Although the records contain pictures, only their text should be reproduced, exactly as written.
[[ TASK INPUTS, beginning ]]
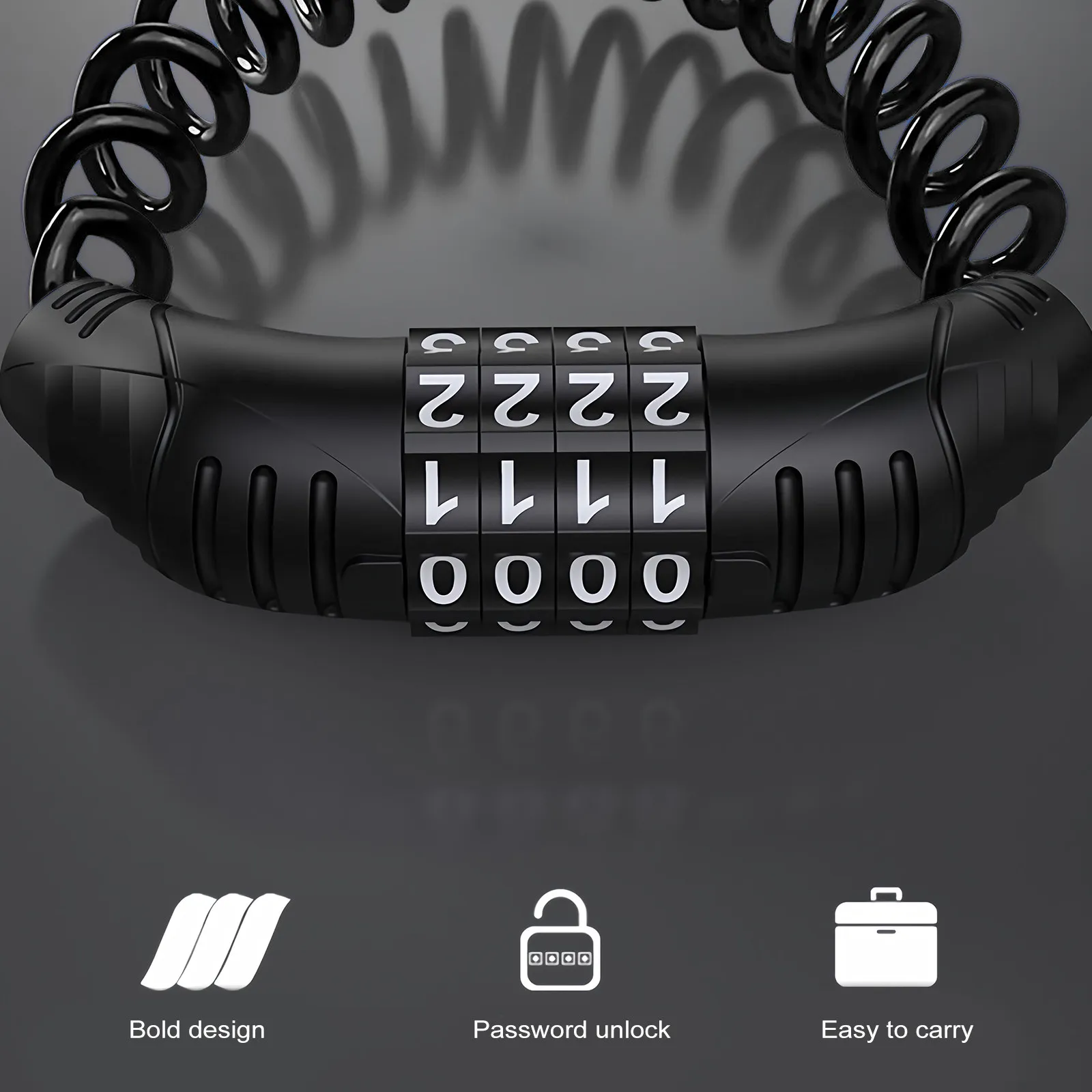 

Противоугонный кодовый замок для велосипеда, маленький, удобный, портативный замок для спортзала, дорожных сумок, кемпинга, снаряжения для активного отдыха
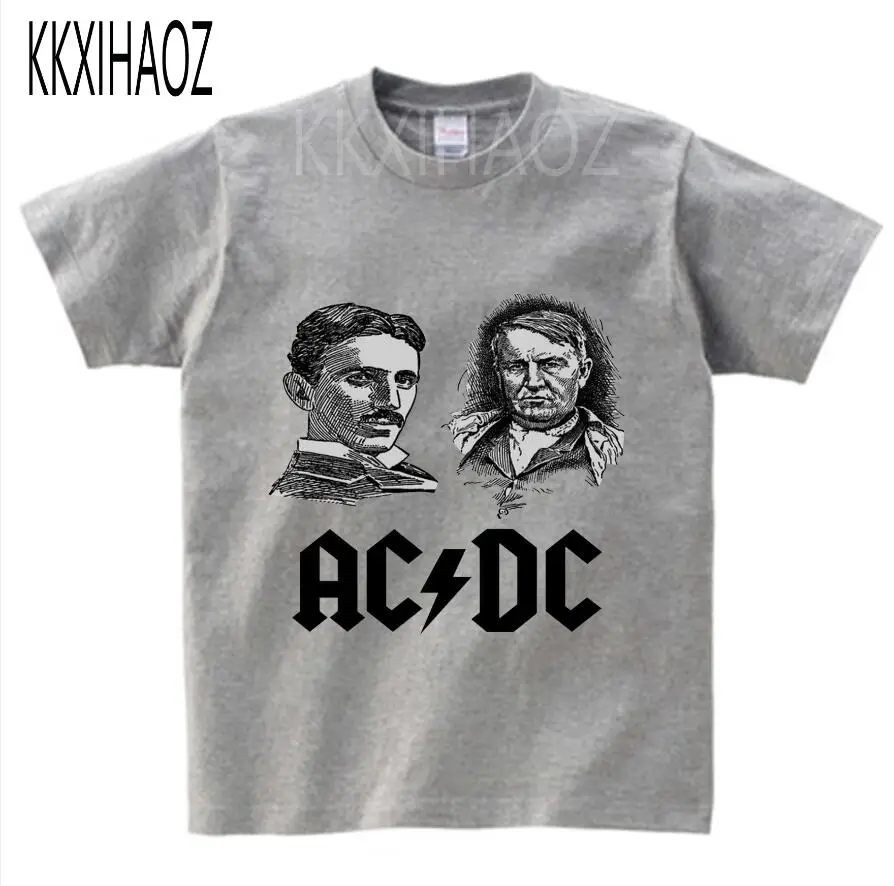 gray childreT-shirt Новинка года, Camisetas AC/DC band rock, футболка, футболки с принтом acdc для мальчиков, Повседневная футболка, детский хлопковый топ с короткими рукавами в стиле хип-хоп - Цвет: gray childreT-shirt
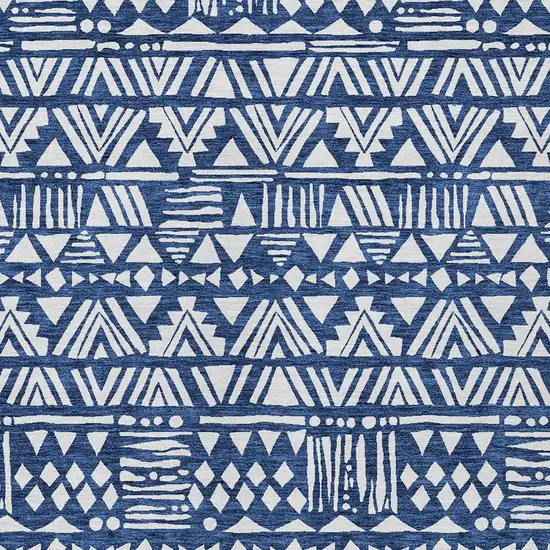 Navy Blue And Ivory Southwestern Washable Indoor Outdoor Area Rug Photo 5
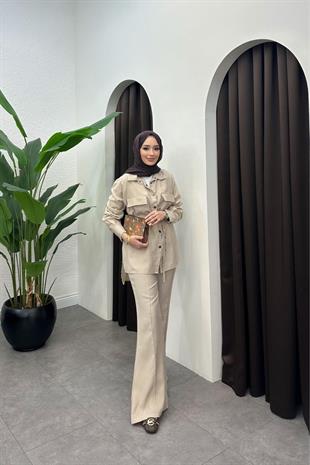 Paria pantolonlu tensel takım-bej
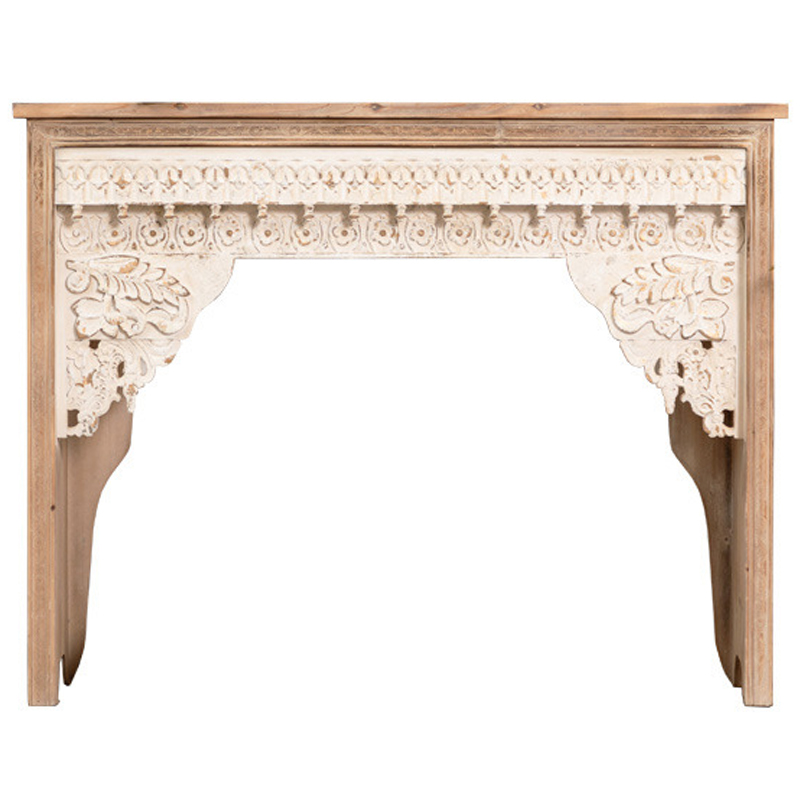 Консоль Indian Antique White Furniture Adnan Console Древесина Бежевый в Уфе | Loft Concept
[[ TASK INPUTS, end ]]
**RESULT OF THE TASK**
Противоугонный кодовый замок для велосипеда, маленький, удобный, портативный замок для спортзала, дорожных сумок, кемпинга, снаряжения для активного отдыха
 gray childreT-shirt Новинка года, Camisetas AC/DC band rock, футболка, футболки с принтом acdc для мальчиков, Повседневная футболка, детский хлопковый топ с короткими рукавами в стиле хип-хоп - Цвет: gray childreT-shirt
 Navy Blue And Ivory Southwestern Washable Indoor Outdoor Area Rug Photo 5
 Paria pantolonlu tensel takım-bej
 Консоль Indian Antique White Furniture Adnan Console Древесина Бежевый в Уфе | Loft Concept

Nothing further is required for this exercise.